While Fennell was apparently a fan of “Wuthering Heights” from a young age — telling the magazine that her inspiration for the adaptation came from seeing Elordi on the set of “Saltburn,” wearing sideburns reminiscent of the Heathcliff on her teenage copy — Robbie had never read the book or watched previous film versions before getting involved in the project. She was just wooed by Fennell’s script and its take on Cathy, which worked out well for the director who was looking for a heavy dose of likability in her female lead.
“Cathy is a star,” the director said in the interview. “She’s willful, mean, a recreational sadist, a provocateur. She engages in cruelty in a way that is disturbing and fascinating. It was about finding someone who you would forgive in spite of yourself, someone who literally everyone in the world would understand why you love her. It’s difficult to find that supersized star power. Margot comes with big dick energy. That’s what Cathy needs.”
Together, Fennell and Robbie’s comments pretty much validate what a certain group of moviegoers have feared: that the new film version of “Wuthering Heights” has much less in common with the original text and more with a highly stylized, star-studded blockbuster romance — and that was always going to be the case.

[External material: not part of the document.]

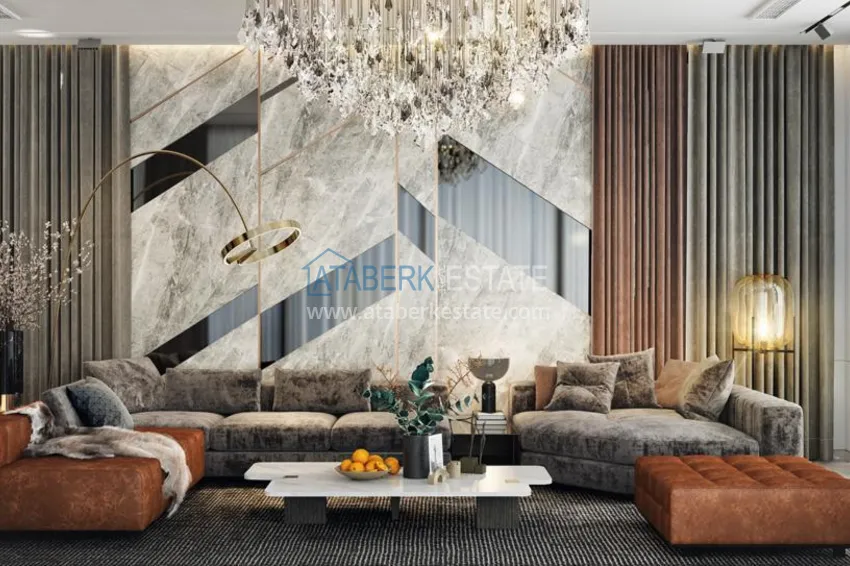 Приобрести Роскошный проект - ультрасовременный коттеджный комплекс на холмах района Тепе, Алания 7 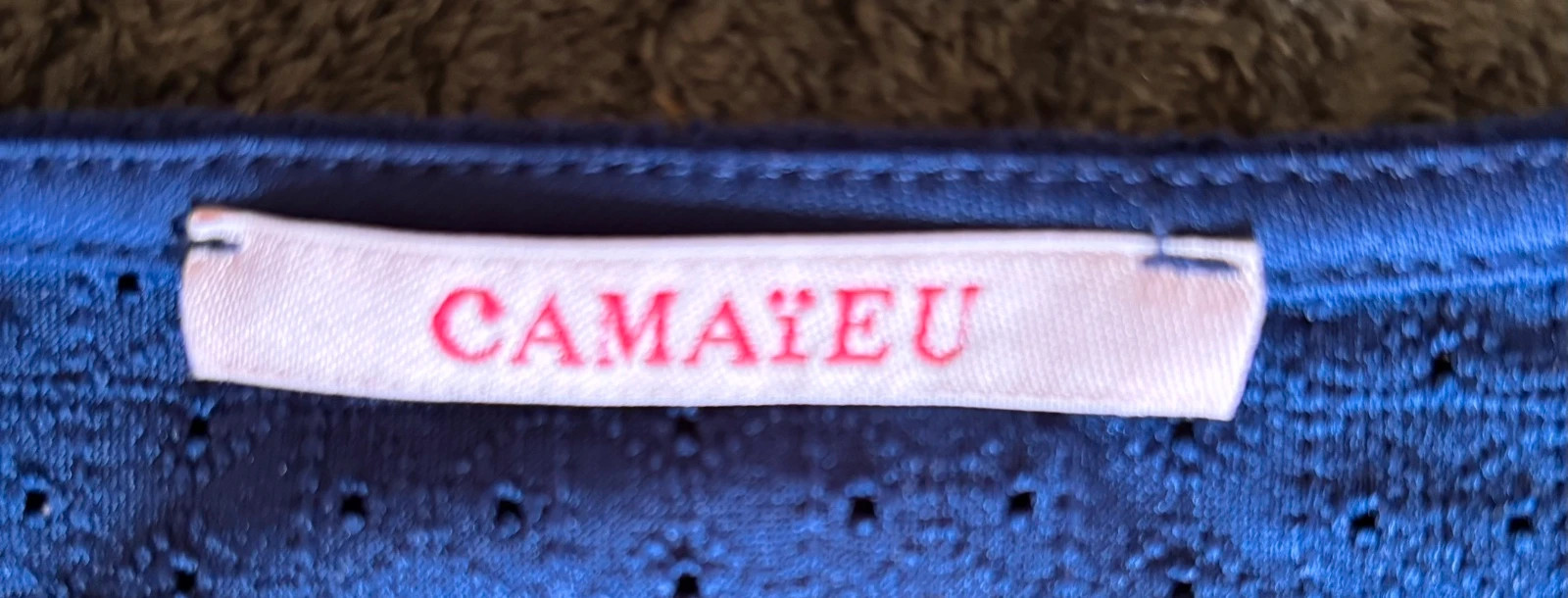 Haut à volants manches 3/4 – Camaïeu – taille XS / 34 / 6 4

That doesn’t mean that the director and star own anyone an apology, or that they don’t have the right to deviate as much as they want from the book. It’s not as if the previous film versions have been exactly faithful — with many of them, going back to the 1939 rendition starring Laurence Olivier, even cutting out half the plot. And Hollywood adaptations of novels take liberties as a rule, as evidenced by Guillermo del Toro’s portrayal of “Frankenstein,” which includes new characters and major plot points, along with a somehow alluring Elordi in the lead role.
But it is worth saying that there’s a definite ideological divide between the Hollywood powerhouses and the dedicated fanbase of Brontë’s “Wuthering Heights.” Anyone who has read the novel knows that “Wuthering Heights” is not a romance: It’s a warning. And marketing that as “the greatest love story of all time,” as the film’s promotional materials have, doesn’t do justice to its author’s brilliance — with all due respect to Nicholas Sparks.